Tune Your Site Navigation
A large number of searches for a given topic may be a sign that it's hard for customers to find the item by browsing. You may want to see if these popular items need more prominent placement in the site's browsing view.
But don't take search popularity alone as a sign of failure; if a lot of people search for "campus map" and you deliver what they need, pat yourself on the back.
Tune Your Content
Sometimes we find that a lot of people search for something, but there simply isn't any content online that matches what they seek. Then it's time to talk to the Webmaster or the Web content team about preparing and posting the missing content. In a large enterprise, such as a university or a corporation, this may take a while: you've got to find the person who "owns" the content area, and you have to persuade them to add the content that your log analysis information demonstrates what people are seeking.
Or maybe you have content, but perhaps it isn't in the right form. If a lot of people remotely are searching for a campus map, maybe you should be sure to offer a readable map as a PDF that will print on single sheet of 8.5 X 11 paper. (You'd be surprised how many universities offer online maps that are cut-up copies of large fold-out maps-totally useless to the remote would-be visitor.) If a lot of people locally want to know where they can pick up a paper map, maybe you need a page giving the person just that information on that basic point.
Tune Your Print Materials
Search log analysis can reveal opportunities to improve printed materials. Analysis of our Web search logs revealed that "campus map" was a popular search. We realized that in many cases people wanted to find out how to order a printed campus map, so we added a link to our Best Bets.

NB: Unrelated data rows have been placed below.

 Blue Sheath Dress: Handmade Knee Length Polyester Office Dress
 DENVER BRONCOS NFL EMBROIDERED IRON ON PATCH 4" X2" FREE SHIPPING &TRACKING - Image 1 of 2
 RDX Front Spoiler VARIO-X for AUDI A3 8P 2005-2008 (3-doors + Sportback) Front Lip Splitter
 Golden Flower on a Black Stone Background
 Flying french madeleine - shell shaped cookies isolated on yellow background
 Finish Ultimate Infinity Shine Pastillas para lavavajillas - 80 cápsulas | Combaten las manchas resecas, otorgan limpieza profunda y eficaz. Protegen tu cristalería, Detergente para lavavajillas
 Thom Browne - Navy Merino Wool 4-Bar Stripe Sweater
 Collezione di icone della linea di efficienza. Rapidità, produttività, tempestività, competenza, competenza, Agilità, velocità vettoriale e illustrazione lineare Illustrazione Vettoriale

We took a look at the Web-based maps at other universities, and discovered that major universities make major mistakes when it comes to campus maps. Here are some of those mistakes:
- Offering only a detailed map that shows every building. A large percent of visitors want to find how to get to a handful of places, such as the performance arts center or athletic venues. They need regional and local area maps.

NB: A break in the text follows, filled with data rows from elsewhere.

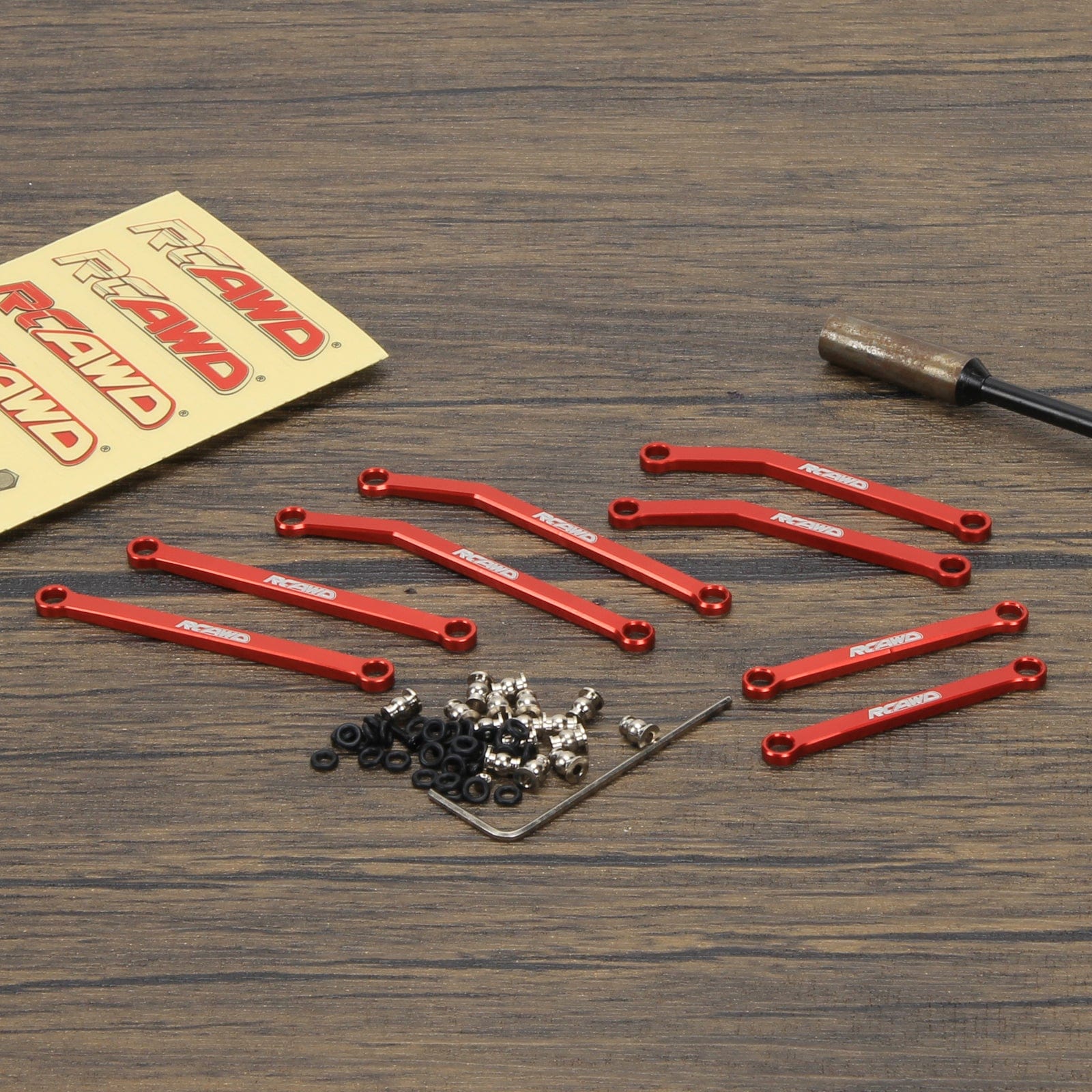 RCAWD Red RCAWD 1/24 Axial SCX24 Upgrades Alloy 50mm 58mm 51mm 39mm full set linkage toe link tie rod SCX2546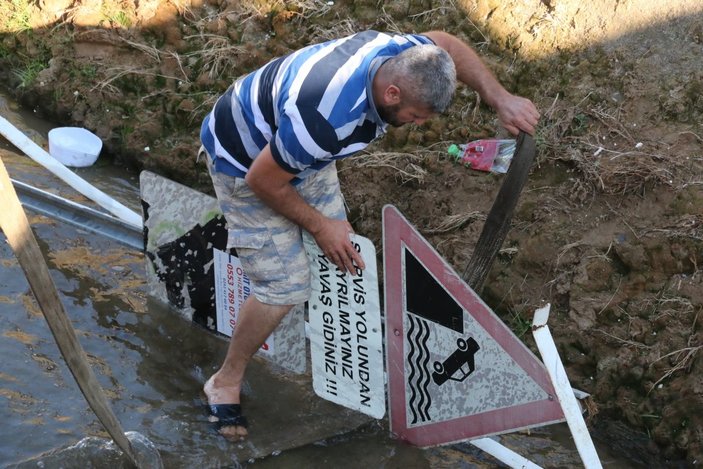 Antalya’da otobüs ile çarpışan otomobil kanala uçtu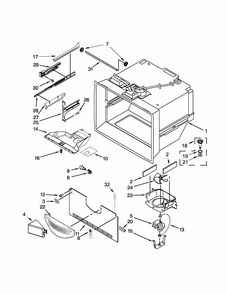 Freezer Liner Parts Diagram and Parts List for IX7HHEXDSM00  Whirlpool Refrigerator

- Providing artistic maps, such as 3-D renderings replete with trees. These work for people who already know the campus, but not for the masses who are new to the place.
- Failure to offer both online friendly and printable PDFs of maps.
Search log analysis helped us make the case to the people who maintain the official printed campus maps, and partner with them to improve the online offerings. We were even able to integrate the look of the printed map with the online offerings. With SLA, it was easy to show that an information need, as basic as showing major travel routes to the university, was as important as helping people find the Old Horticulture building.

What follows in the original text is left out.